Some experiences stay with you long after they’re over. For me, Canada is one of them. It’s not just a line on a résumé — it’s a chapter of life that unfolded over several years, between Montreal and Vancouver, with back-and-forth journeys that felt less like indecision and more like a genuine love affair with a country.
Montreal: a city you leave and always come back to
It all starts in 2013. I land in Montreal for a graduate degree in e-business at HEC — one of the top French-speaking business schools in North America. First shock: here, work is a practice, not a theory. Courses are grounded in real cases, professors all have one foot in industry, and students come from every corner of the world.
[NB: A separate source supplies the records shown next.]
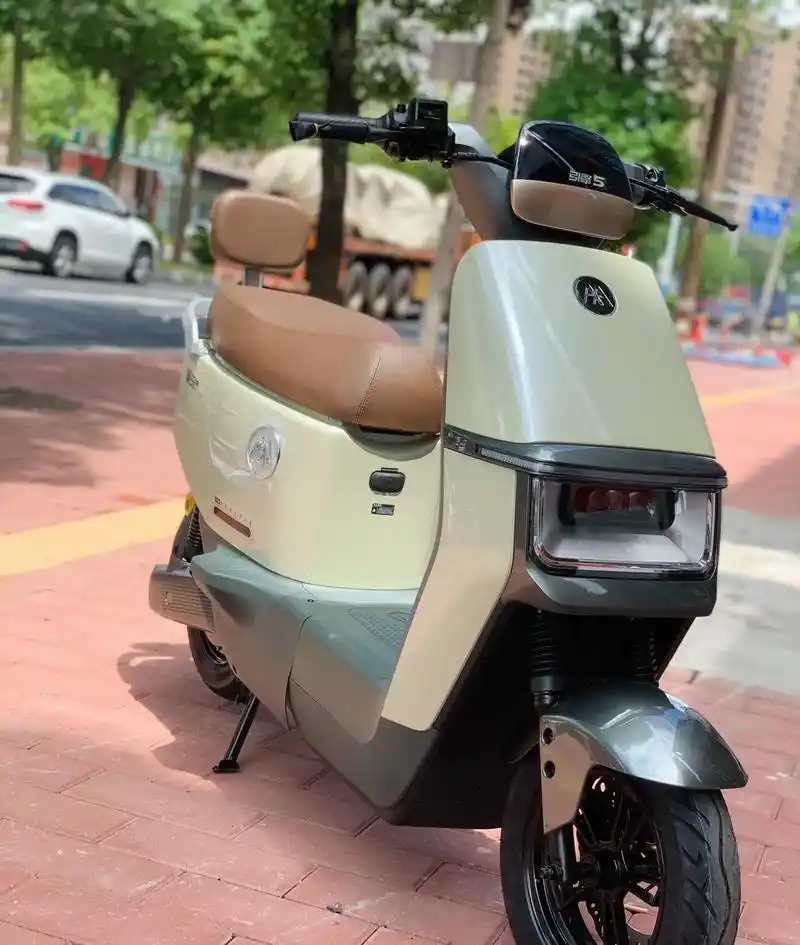 爱玛电动车.全新上市 不用驾驶证,支持全国上牌,全新六边形 - 抖音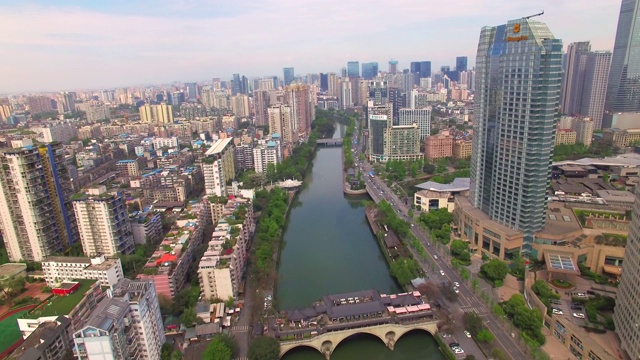 无人机拍摄的城市景观在中国四川成都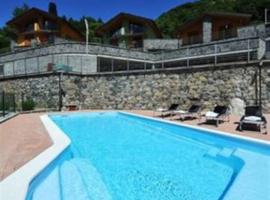 Villa Orchidea With Pool, hotelli, jossa on uima-allas kohteessa Varenna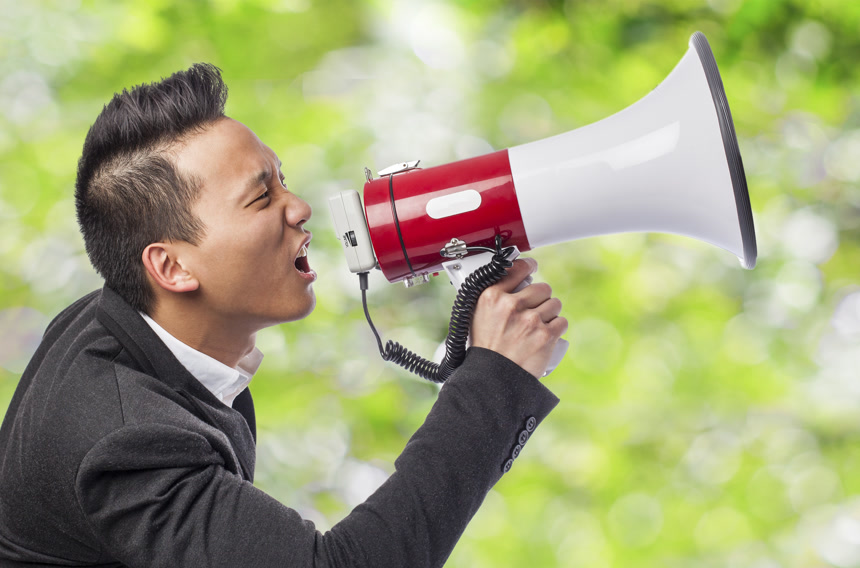 拿着扩音器喇叭喊话的男性业务员生活方式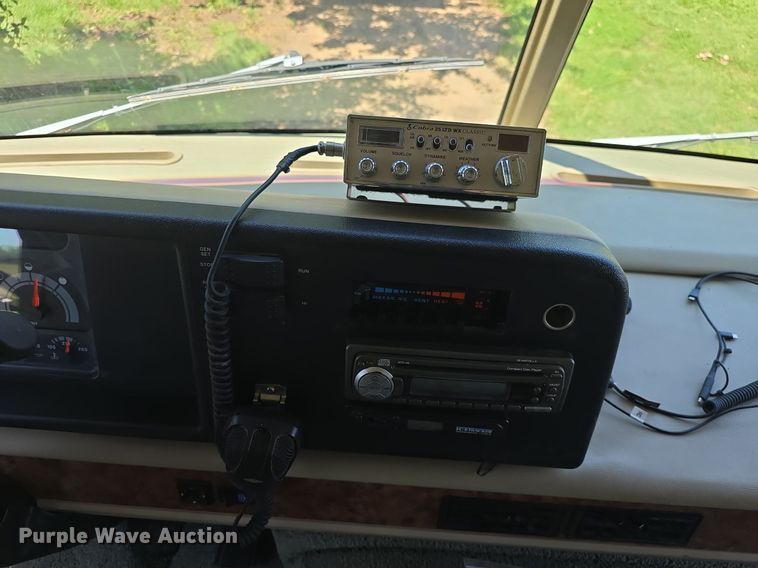 image for item DM1721 1996 Winnebago Brave RV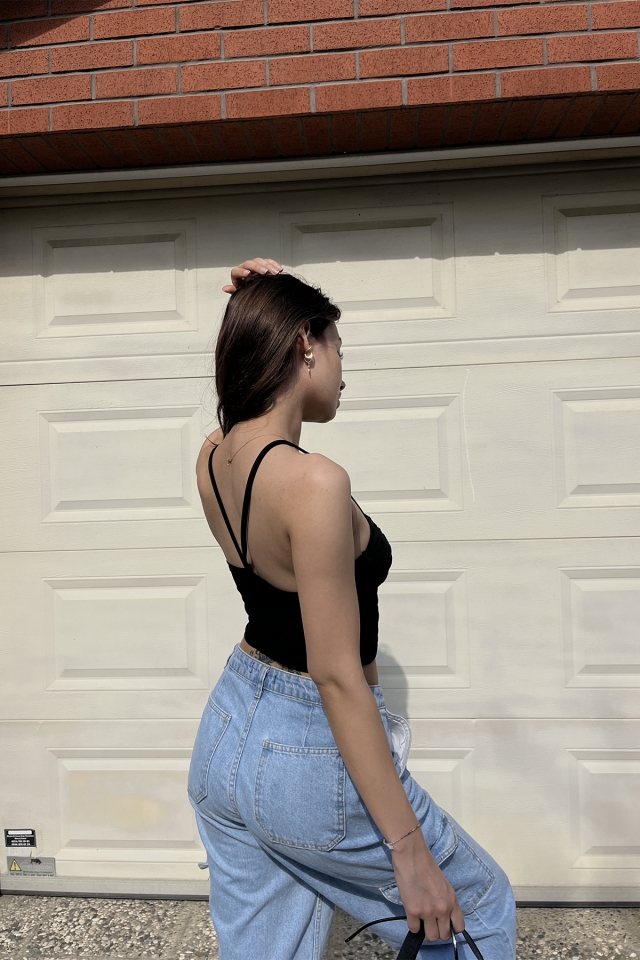 Siyah Askılı Crop Top ATE6485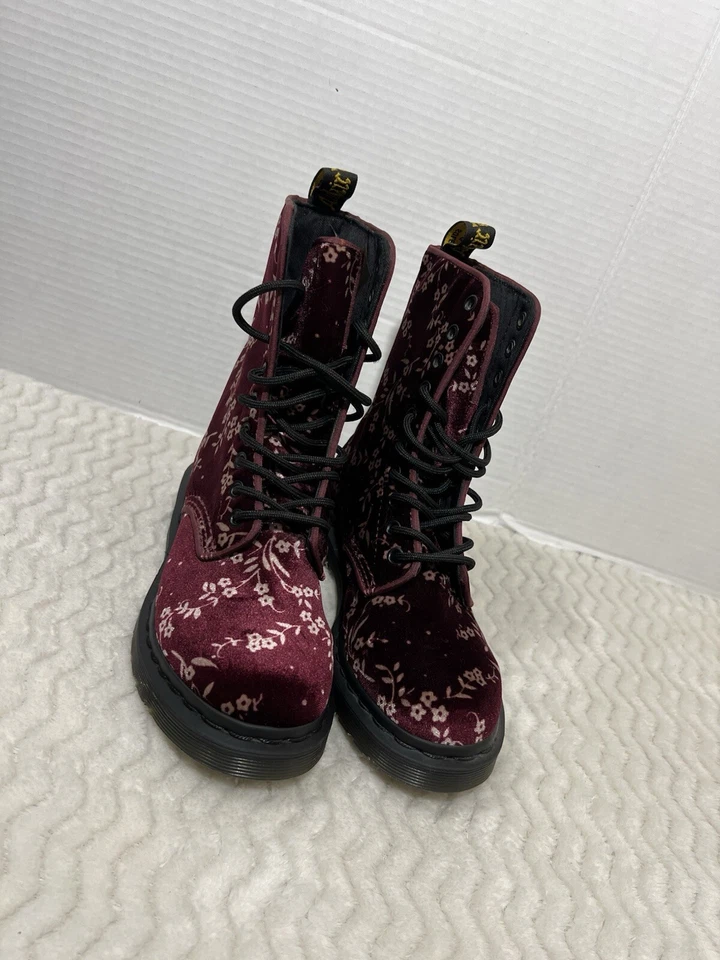 Botas femininas raras Dr Martens Avery tamanho 5 Burgundy Rouge veludo 10 olhos - Imagem 3 de 4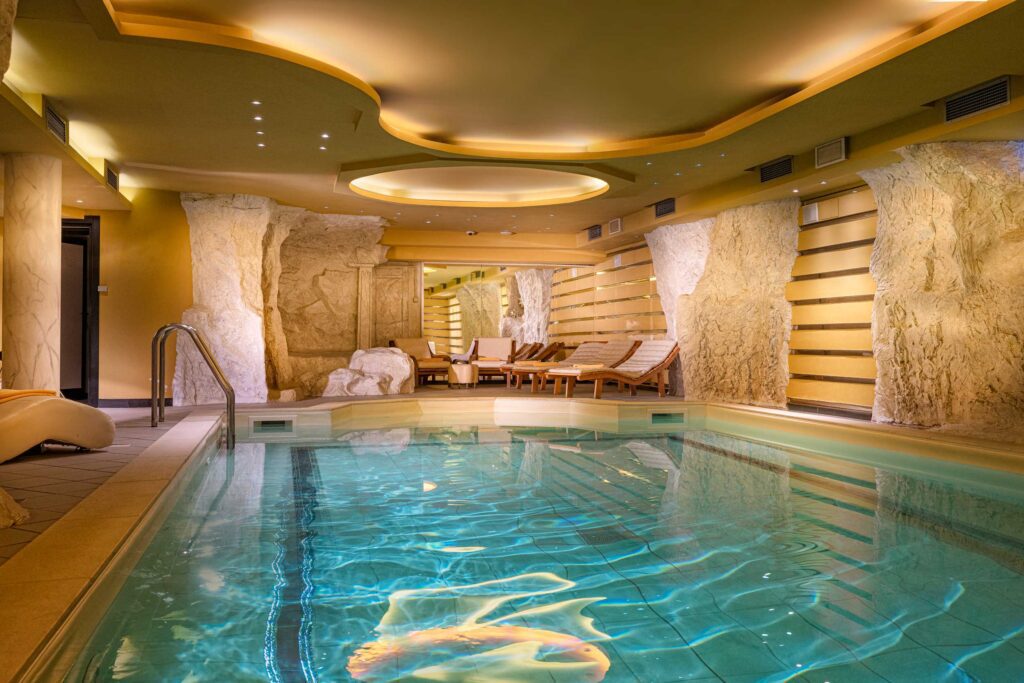 Indoor pool and spa area at Storico Hotel Regina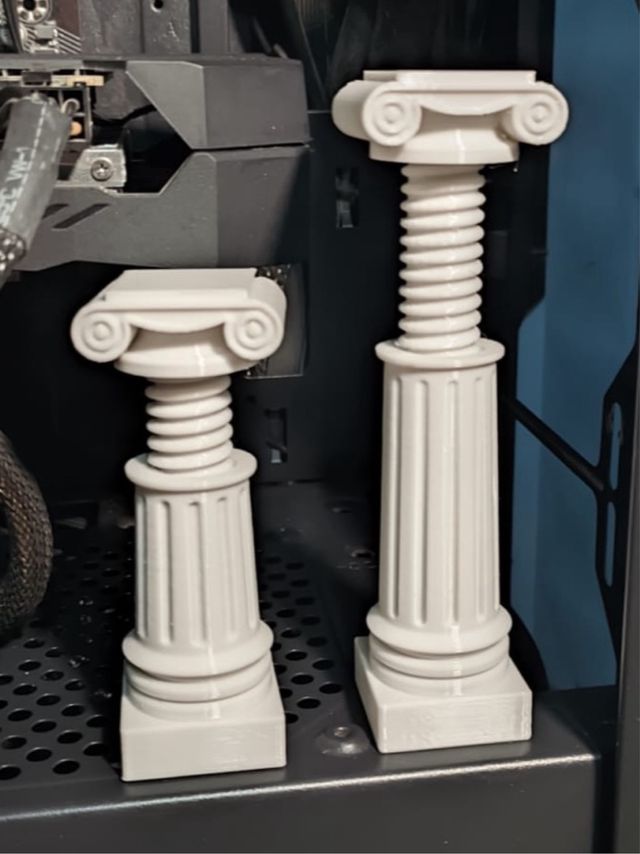 Soporte GPU Columna Griega Ajustable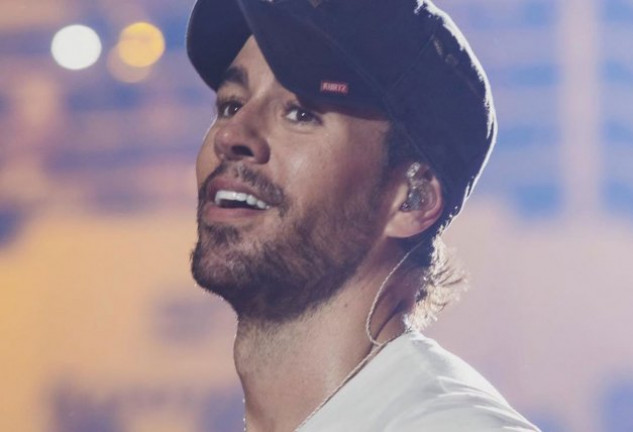 Enrique Iglesias actuando en un concierto en Rumanía.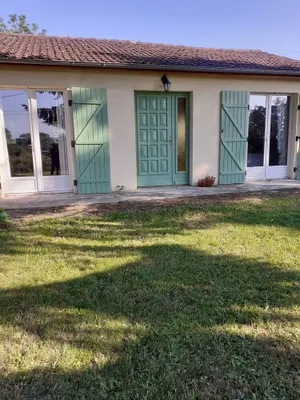 Image of HOLIDAY HOME IN HOLLOW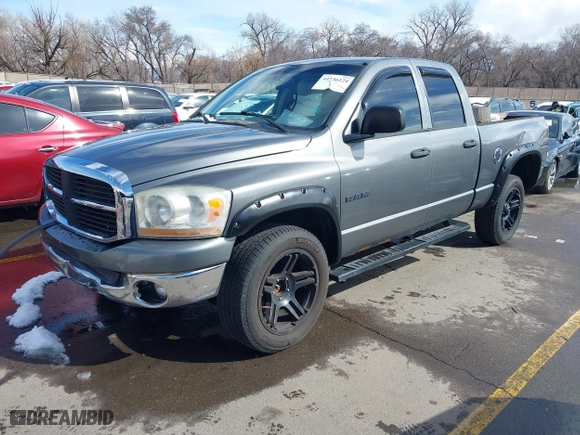 2008 Dodge Ram 1500 SLT with VIN 1D7HU182X8S631928, listed as a IAAI auction lot 41736124 with 235,234 mi miles. Bid and sale history available at carsss.com. Image 17.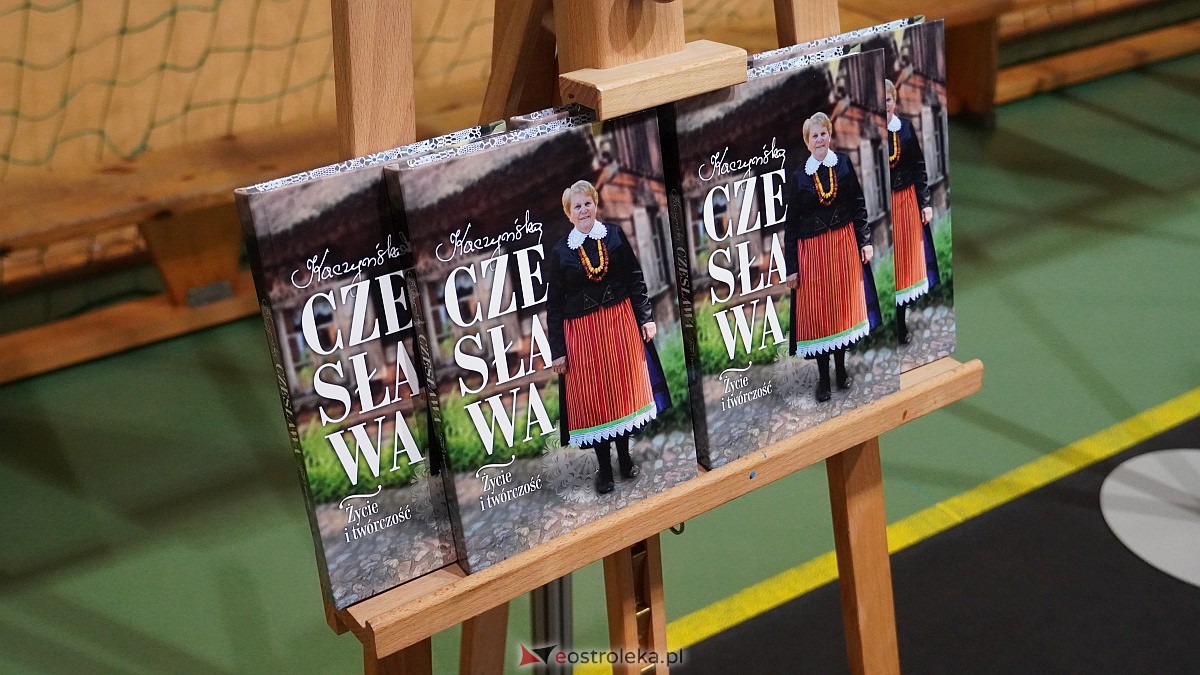 Jubileusz 65-lecia pracy twórczej Czesławy Kaczyńskiej [15.11.2022] - zdjęcie #56 - eOstroleka.pl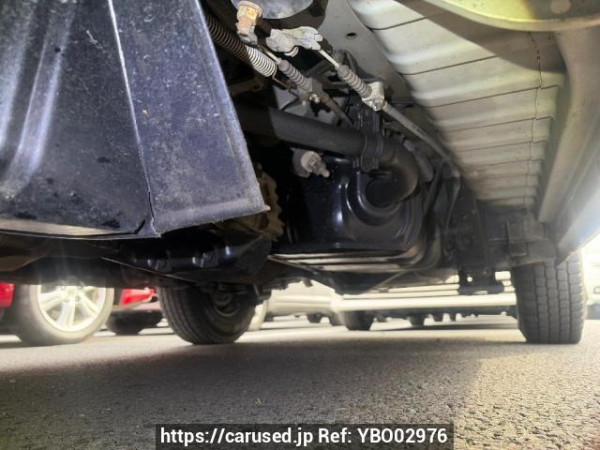 Used 2005 MT toyota regiusace-van KDH205V Image[18]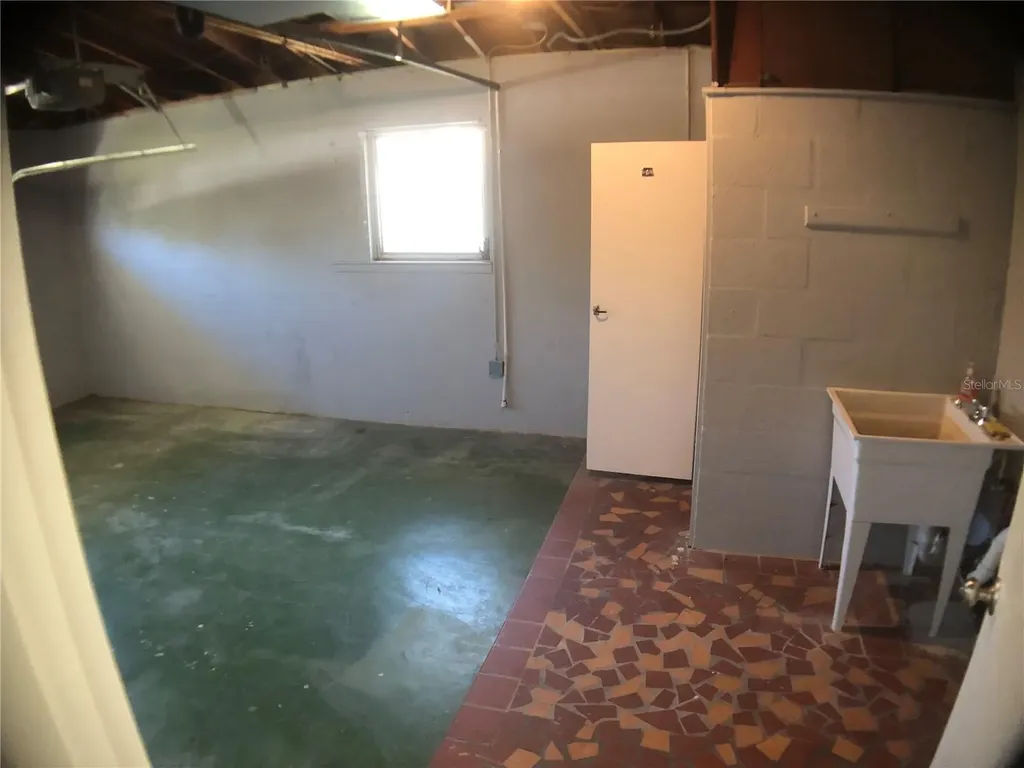 1559 Barry Road Clearwater FL 33756
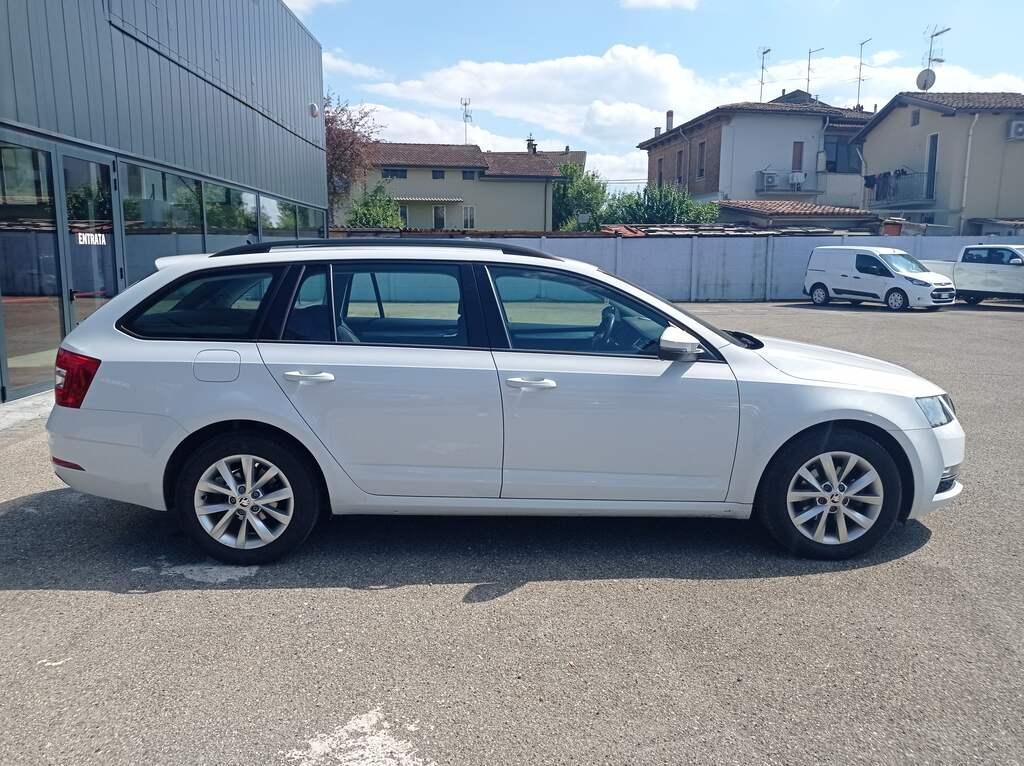 Skoda Octavia 1.6 TDI Executive DSG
Montreal keeps me. After graduating, I return in 2016 as a web advisor at HEC — this time to build, supervise and evolve WordPress sites, coordinate complex projects, and get hands-on with cybersecurity. It’s a school of discipline and prioritization that no classroom could have offered me.
Montreal teaches you that French-speaking culture can be ambitious, international, and laid-back all at once. It reconciles things that France tends to keep apart.
Vancouver: autonomy at full speed
In 2018, after some time in Montreal (and a brief return to Paris), I cross the country to join Vancouver. A different city, a different world: the Pacific coast, ocean and mountains, a cosmopolitan metropolis where English is the language of work and ambition is the norm. CBRE takes me on — end-to-end web project management, real estate platforms, advanced SEO, security. A demanding role in a global firm where you’re judged on results, not appearances.
North American work culture makes complete sense here. No micromanagement. Trust granted from day one — yours to keep. If something broke at 11pm, it was my responsibility to fix it. Demanding — and incredibly formative.
Vancouver is where the word “ownership” became concrete for me — before it became the very core of my professional identity as a Product Owner.
What those years left me with
Between Montreal and Vancouver, Canada gave me what’s hard to find when you stay close to home: real international exposure, a no-nonsense results-driven culture, a different relationship with space and time — and above all, a self-confidence that only comes from figuring things out far from everything familiar.
If you’re on the fence about taking the leap and working abroad: do it. The worst that can happen is that you come back changed. And that’s exactly the point.
You never really come back from Vancouver. Part of you stays there — the part that needed to be shaken up to grow.